Here, the typical detector used in legacy spectrum analysis is the sample detector, which always picks the Nth sample out of M samples taken within a timeframe T. If trace averaging is performed on this logarithmic data (trace 1) and compared to a true RMS measurement (trace 2), the result is 2.5 dB lower than the RMS power. This could cause serious problems for the user if wrong measurement settings are applied, or trace averaging is used with legacy trace modes or detectors that are logarithmic in nature.

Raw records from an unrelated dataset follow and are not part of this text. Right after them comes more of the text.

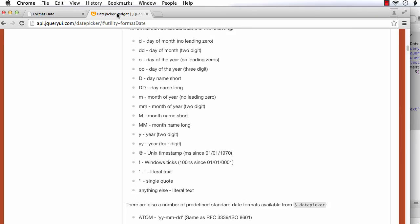Let us see which formats we can use. In the official website of jQuery UI, you can see the different format options available. If we use 'd', it will display the day of the month without any leading zero — so selecting the 1st will display as 1, not 01. If we use 'dd', then selecting the 1st will display as 01, padding single-digit values with a leading zero. If you select 21, it will display as 21.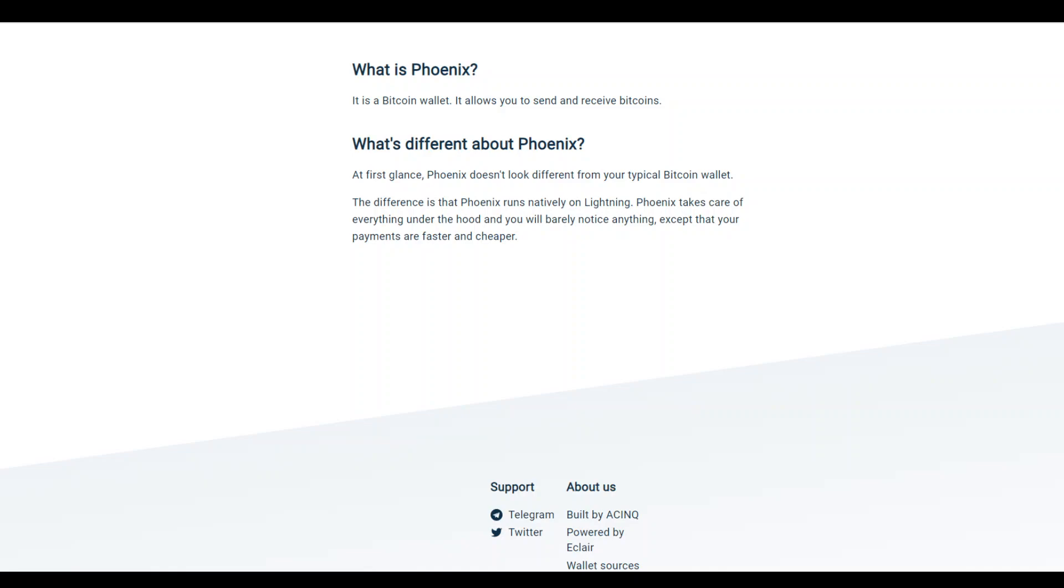The beta version of this new Phoenix is currently accessible to Android users, with an Apple iOS release expected in the coming days.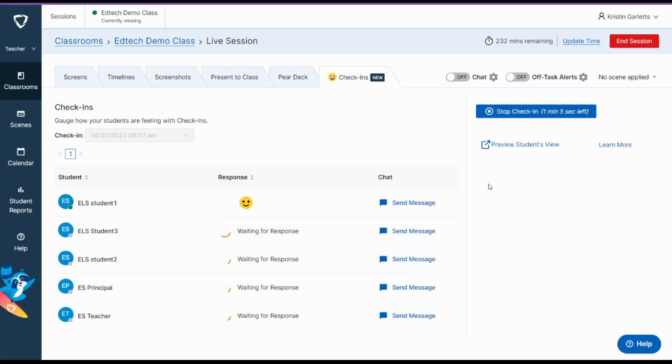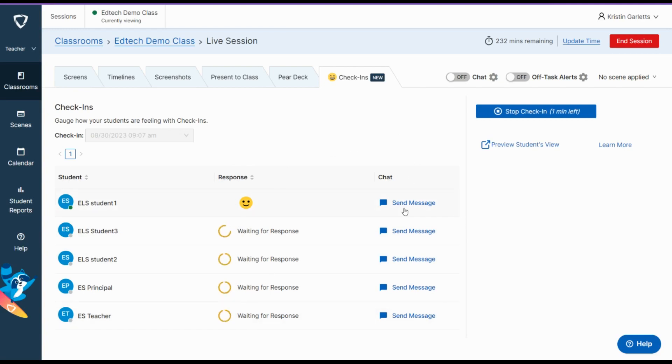While you're doing the check-in, you can see their student responses down here below. You can click the send message button to send them a message in GoGuardian.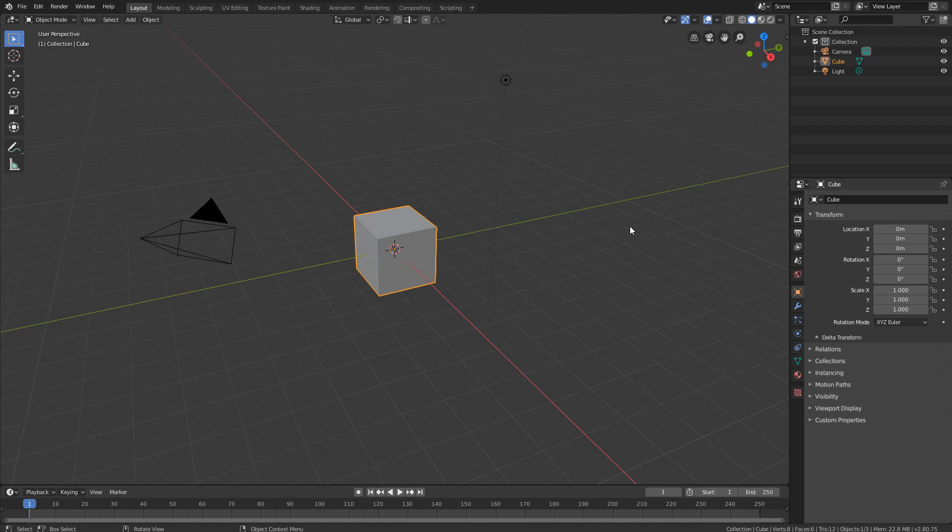Blender's interface is completely customizable and can be configured with numerous components. In this course we will focus only on the components of the standard interface, which is this one we are seeing.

During my career at Rohde & Schwarz, I have seen many tests from customers that were written using legacy equipment, though they were meant to be implemented using modern equipment. While it is entirely possibly to perform measurements as originally intended, this leads to two fundamental problems:

  • The high risk of users doing manual measurements (e.g., those that are not led by test documents or specifications) with different results in linear and logarithmic calculations due to trace averaging, resulting in measurement errors.
  • Users not using more accurate, automatic linear measurements with significantly improved speed and repeatability.

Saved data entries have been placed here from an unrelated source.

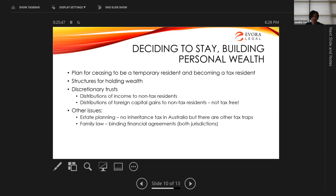Other issues for clients to consider are estate planning. There's no inheritance tax in Australia, but there are other traps associated with structures — when structures need to be unwound upon someone's death, assets moving around in structures will trigger tax. There will also be succession consequences for Amy if she inherits shares in the German company as an Australian tax resident — she'd become a 100% controller, bringing the controlled foreign company rules and other implications. For family businesses coming to Australia, family law is also relevant — binding financial agreements are often discussed in both jurisdictions and should tie into tax and structural planning.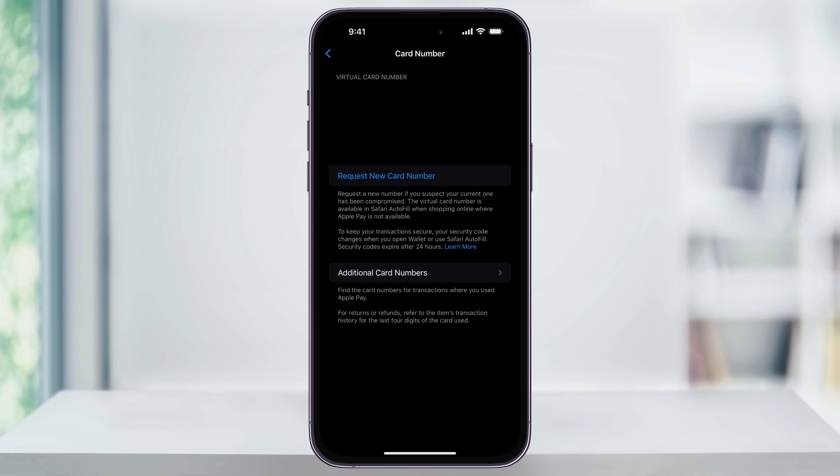Underneath that, if you feel your card number was ever compromised, you can also request a new number here. And now that you know your card number, you can copy it or use it anywhere it's accepted by using all of this info when you go to make a payment.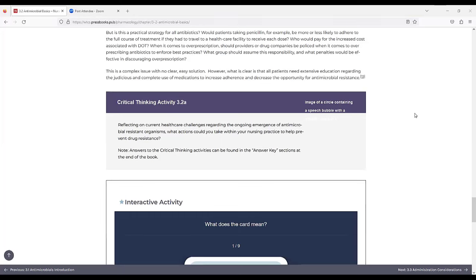For critical thinking activity 3.2a, reflecting on current healthcare challenges regarding the ongoing emergence of antimicrobial resistant organisms, what actions could you take within your nursing practice to help prevent drug resistance?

In a modern instrument, everything beyond the IF filter is digital (see Figure 6). Even the resolution bandwidth filter (RBW) is digital. Because of this, it is much easier to include different types of detectors with true linear power characteristics. Digital signal processing now handles many things, from the sharpness and fast settling time of filters to frequency response correction. Modern instruments also come with RMS detectors standard. This allows linear trace averaging if required, and there are other interesting effects of the RMS detector depending on the type of signal analyzed.

Figure 6

Figure 6 Modern spectrum analyzer block diagram.

Modulated Signals

As previously mentioned, the RMS detector yields a true power measurement. The sweep time, span, RBW and sweep points define the amount of averaging within a trace. Assuming the span, RBW and sweep points are fixed, one would typically increase the sweep time rather than averaging traces to get a more averaging effect. If an FFT mode is available, more samples can be captured for the same sweep time, which results in a higher amount of averaging and smoother traces. This is typically the best choice for averaging and is great for use with modulated signals.

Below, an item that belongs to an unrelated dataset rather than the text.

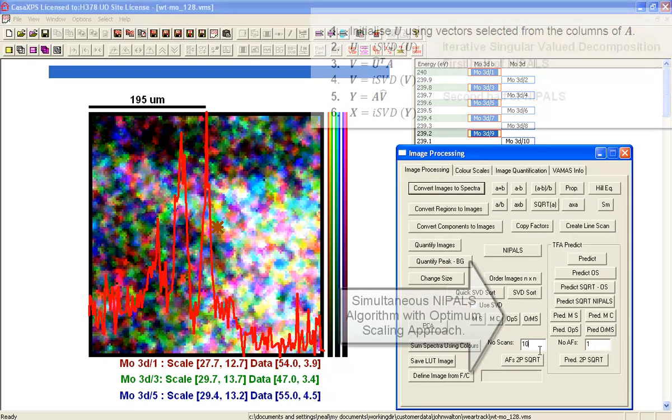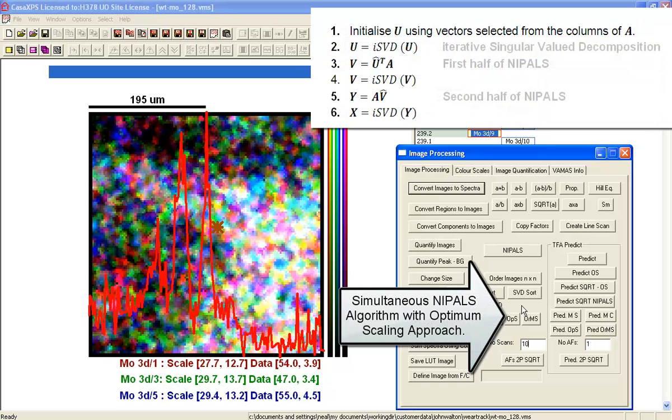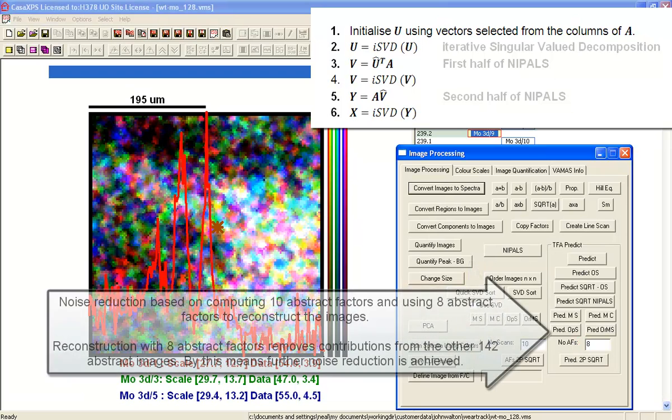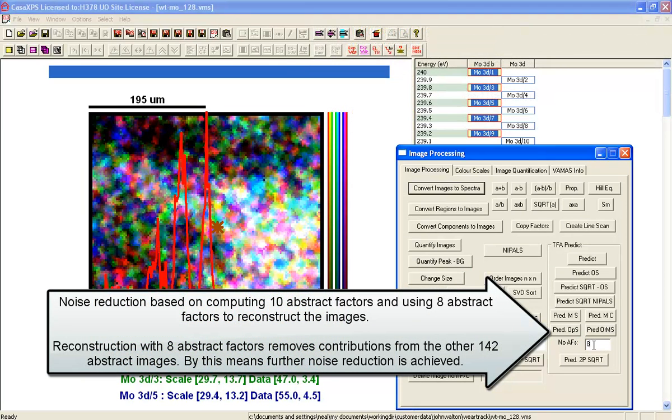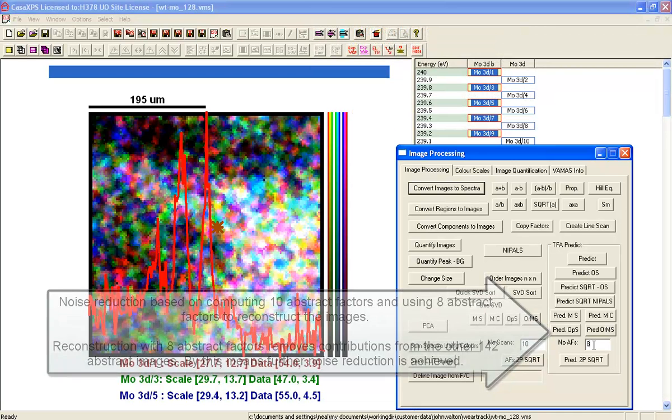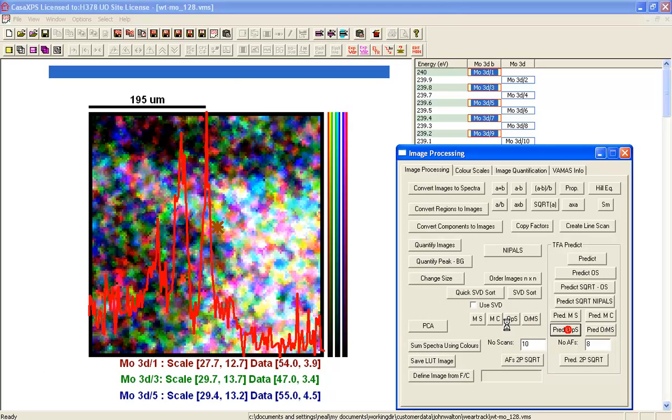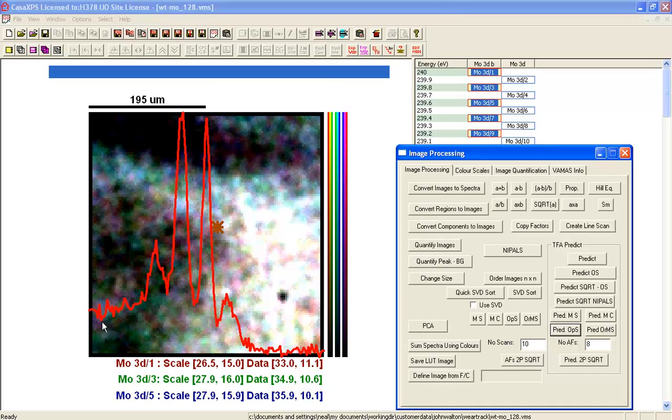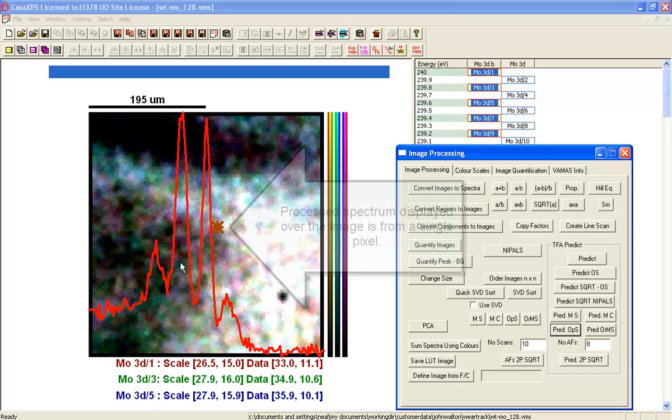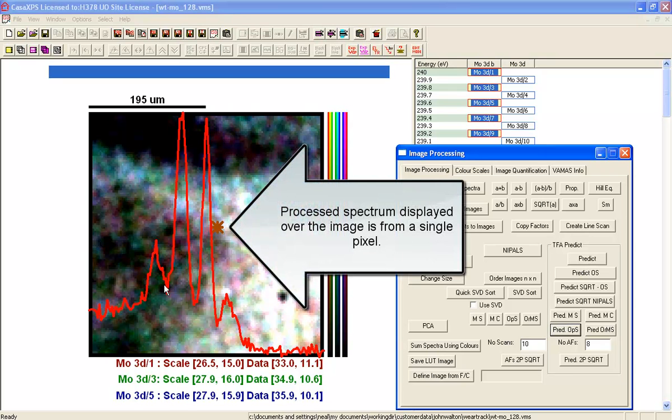Now let's go to the options on the image processing page. I'm going to select to calculate 10 abstract factors and I'm going to use eight of them to reconstruct the data. I'm working on the basis that there will be more than or less than eight abstract factors that are significant to the data. So I'll press this button here. When I recreate this data set using eight, then I will include some noise in the spectra. As you can see, there's an element of noise here. But clearly now at a pixel, we have a spectrum, which is quite obviously the molybdenum disulfide with some molybdenum oxide mixed in there as well.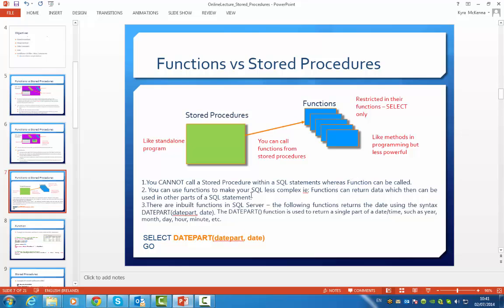You can use functions to make your SQL commands less complicated. For example, functions can return data which you can then use in another part of your SQL statement. There are also built-in functions for Microsoft SQL Server. The example below returns the date using the DATEPART syntax, outlined in orange. The DATEPART function is used to return a single part of a datetime, such as year, date, hour, minute, etc.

Continuous Waveform Signals

Close attention must be paid to the span/RBW ratio and the number of sweep points. The RMS detector does not only average over time but also over frequency, so it is required to have at least one sweep point per RBW. Using a single point per RBW can lead to measurement errors and the signal power appearing lower than actual. A useful rule of thumb is “sweep points >5x span/RBW” to provide a correct power level.

Figure 7a

Figure 7a Signal source measured incorrectly with 1001 sweep points.

For example, Figure 7a uses an RMS detector with a CW signal over a span of 500 kHz and an RBW of 50 Hz. The output from the signal source connected to the spectrum analyzer is 0 dBm. In this case, the 5x span/RBW = 50,000, but the number of sweep points is set to 1001, and the result is a level displayed that is approximately 10 dB too low. If the number of sweep points is set to 50,001, in line with the requirements calculation, then the correct result of 0 dBm is obtained (see Figure 7b).

Figure 7b

Figure 7b Signal source measured correctly with 50,001 sweep points.


The method of using an RMS detector with increased sweep time instead of utilizing trace averaging also produces significantly faster measurements, considering results with an equivalent standard deviation. For example, consider the power measurement of a modulated, noise-like signal with a repeatability of around 0.1 dB, using the settings in Table 1.


To illustrate the statistical speed improvement, a test script can measure both the time taken to retrieve a measurement result and the result itself. Over many measurements, the standard deviation of the results is calculated. On a modern signal and spectrum analyzer, the results are summarized in Table 2. The standard deviation of measured amplitude is less than 0.1 dB (see Figure 8); and, more importantly, the time taken to do the test is greater than 5 times faster using the modern RMS detector method (see Figure 9). This is true even when the sweep time of test case 1 is just 0.01 that of test case 2.


figure 2

Figure 8 Comparison of measured amplitude for the trace average versus the RMS measurement method.

Figure 3

Figure 9 Comparison of measurement time for the trace average versus the RMS measurement method.

Running a similar set of tests with a varying sweep time, together with recording the time per measurement and the associated deviation in results, shows the improvement in test time (see Figure 10). Allowing the deviation in results to increase from 0.1 to 0.2 dB yields a further factor of 4x greater speed improvement, indicated by the red crosses on Figure 10.

Modern signal and spectrum analyzers are quite different instruments compared to those that existed 20 or so years ago. They incorporate a variety of measurement features that align with the accepted norms needed for industry today, while allowing measurements to be made using legacy methods. This can save significant time for engineers and increase measurement accuracy by using the newer incorporated features - only if engineers adopt new measurement methods versus those written in test or standards documentation from the last decades.

Figure 10

Figure 10 Standard deviation of measurement results as a function of measurement time for the RMS measurement method.